Interestingly, the trend observed in C2 continues in C4, with a significant decrease in accuracy across all three models. BERT experiences the most substantial accuracy drop when compared to C3, which can be partly attributed to its higher initial accuracy. Across all three models, the average drop in accuracy is 20.53%, a sharp increase compared to the average drop of 7.49% in C2. This significant increase in accuracy loss suggests that this second dataset is less robust than the first. When comparing Fig. 3d to Figure 3b, the general trend in accuracy is evident. However, Fig. 3d displays notably lower accuracy when dealing with what was initially the minority class. Despite the considerable accuracy drop, BERT outperforms the other models once again, strengthening the argument that it is the overall best model.

Examining the cross-dataset evaluation results depicted in Fig. 3e and Fig. 3f, we observe an interesting aspect in the results of C5 and C6. Models trained on the CoAID dataset performed poorly on the C19-Rumor dataset (Fig. 3e). Conversely, the best model trained on the C19-Rumor dataset excelled when tested on the CoAID dataset (Fig. 3f). This phenomenon suggests that the C19-Rumor dataset effectively represents the characteristics of the CoAID dataset, but the reverse is not necessarily true. This relationship is also partly reflected in the word cloud analysis presented in Fig. 1.
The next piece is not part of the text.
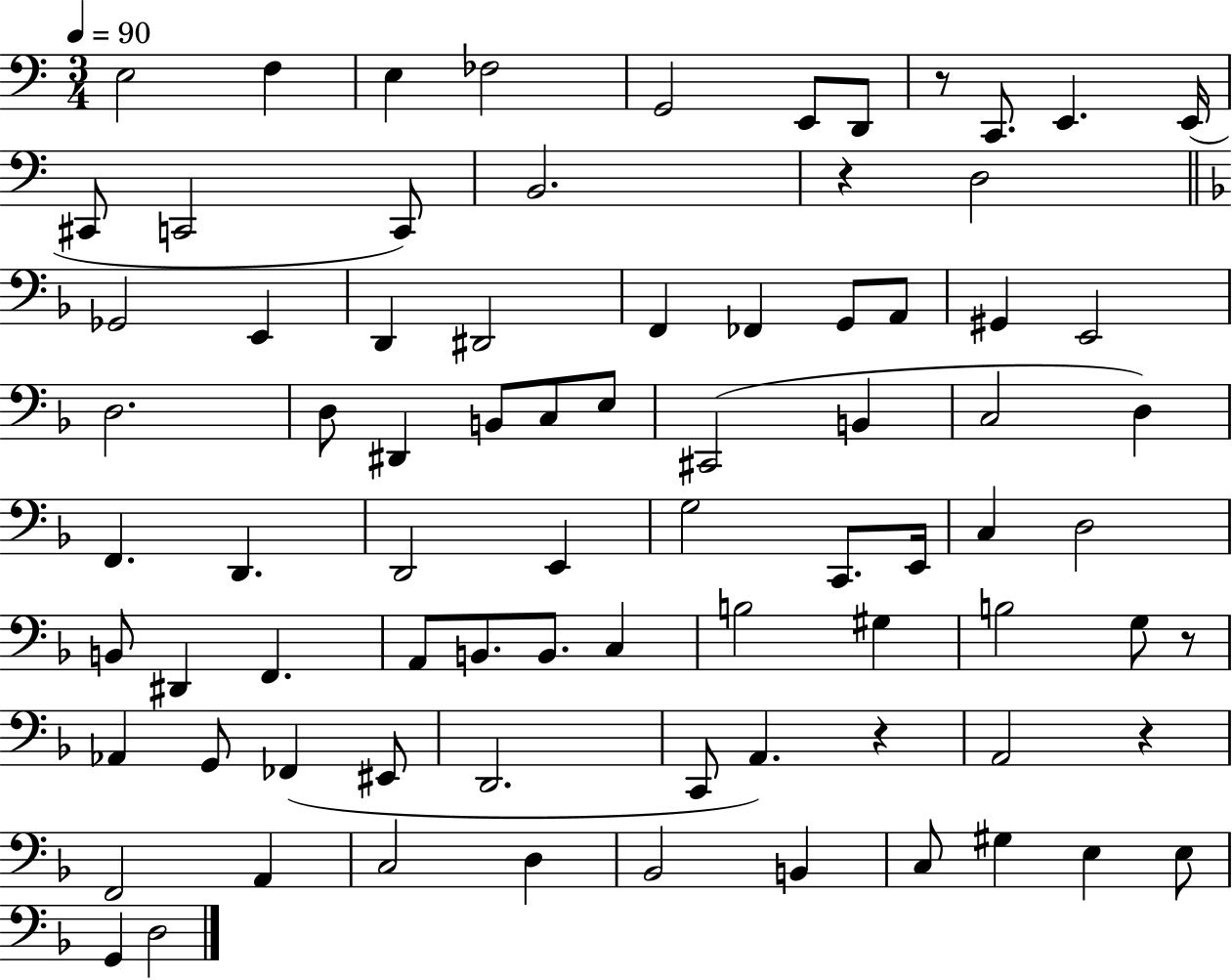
E3/h F3/q E3/q FES3/h G2/h E2/e D2/e R/e C2/e. E2/q. E2/s C#2/e C2/h C2/e B2/h. R/q D3/h Gb2/h E2/q D2/q D#2/h F2/q FES2/q G2/e A2/e G#2/q E2/h D3/h. D3/e D#2/q B2/e C3/e E3/e C#2/h B2/q C3/h D3/q F2/q. D2/q. D2/h E2/q G3/h C2/e. E2/s C3/q D3/h B2/e D#2/q F2/q. A2/e B2/e. B2/e. C3/q B3/h G#3/q B3/h G3/e R/e Ab2/q G2/e FES2/q EIS2/e D2/h. C2/e A2/q. R/q A2/h R/q F2/h A2/q C3/h D3/q Bb2/h B2/q C3/e G#3/q E3/q E3/e G2/q D3/h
In C7, we consistently observe a high level of accuracy, reaffirming the primary objective of this configuration. This objective, centered around testing the models’ ability to handle an expanded dataset covering various subcategories, has been convincingly validated. Once again, BERT outperforms the other models in terms of accuracy, as evident in Table II. Fig. 3g illustrates a minimal number of misclassified inputs. The significant advantage of witnessing C7 perform exceptionally well lies in its confirmation that any marginal reduction in accuracy can be attributed to the models’ enhanced comprehension of the broader subject of COVID-19. This heightened understanding is a direct result of the merged dataset, which thoughtfully addresses issues like class distribution imbalances, topic coverage limitations, and data collection biases present in individual datasets. As a result, the merged dataset naturally enriches the pool of COVID-19-related data, ultimately fostering the accuracy and effectiveness of fake news detection systems.
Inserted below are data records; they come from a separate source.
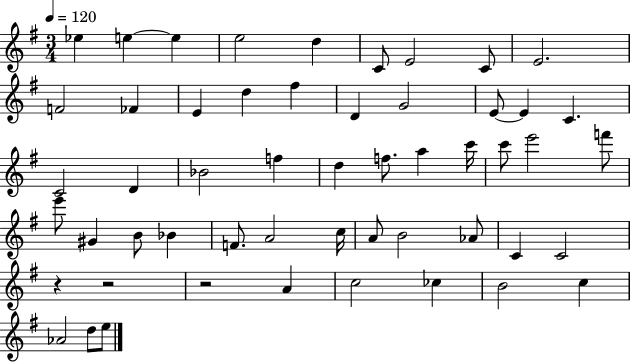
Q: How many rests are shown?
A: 3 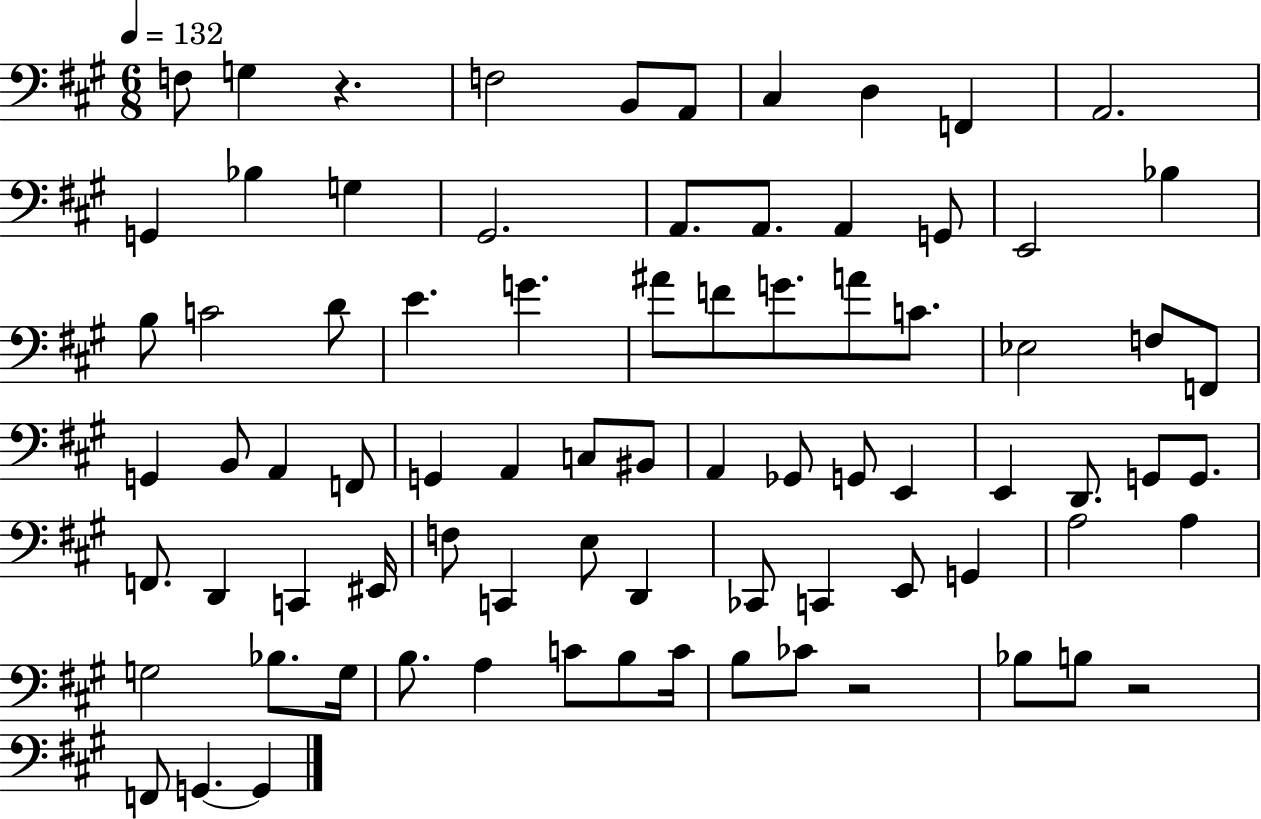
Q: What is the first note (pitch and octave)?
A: F3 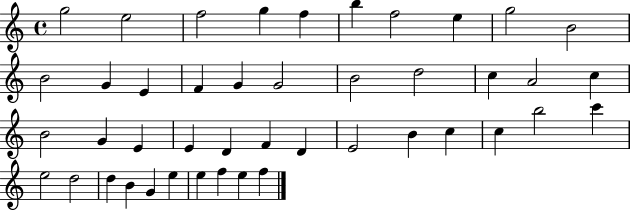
{
  \clef treble
  \time 4/4
  \defaultTimeSignature
  \key c \major
  g''2 e''2 | f''2 g''4 f''4 | b''4 f''2 e''4 | g''2 b'2 | \break b'2 g'4 e'4 | f'4 g'4 g'2 | b'2 d''2 | c''4 a'2 c''4 | \break b'2 g'4 e'4 | e'4 d'4 f'4 d'4 | e'2 b'4 c''4 | c''4 b''2 c'''4 | \break e''2 d''2 | d''4 b'4 g'4 e''4 | e''4 f''4 e''4 f''4 | \bar "|."
}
B. Web Application Evaluation

Fig. 4 demonstrates a real-time use of our web application, encompassing the article content and highlighting the specific line within that article that is undergoing classification. Notably, there is currently no similar application except for CoVerifi [12], which necessitates copying the text and leaving the active page or site to generate a response. In contrast, our tool offers a straightforward highlight-and-click function, eliminating the need for copying or additional buttons to produce results, as required by tools that redirect to external pages. Furthermore, our tool grants users the flexibility to select any text they desire, providing complete control over the application’s inputs.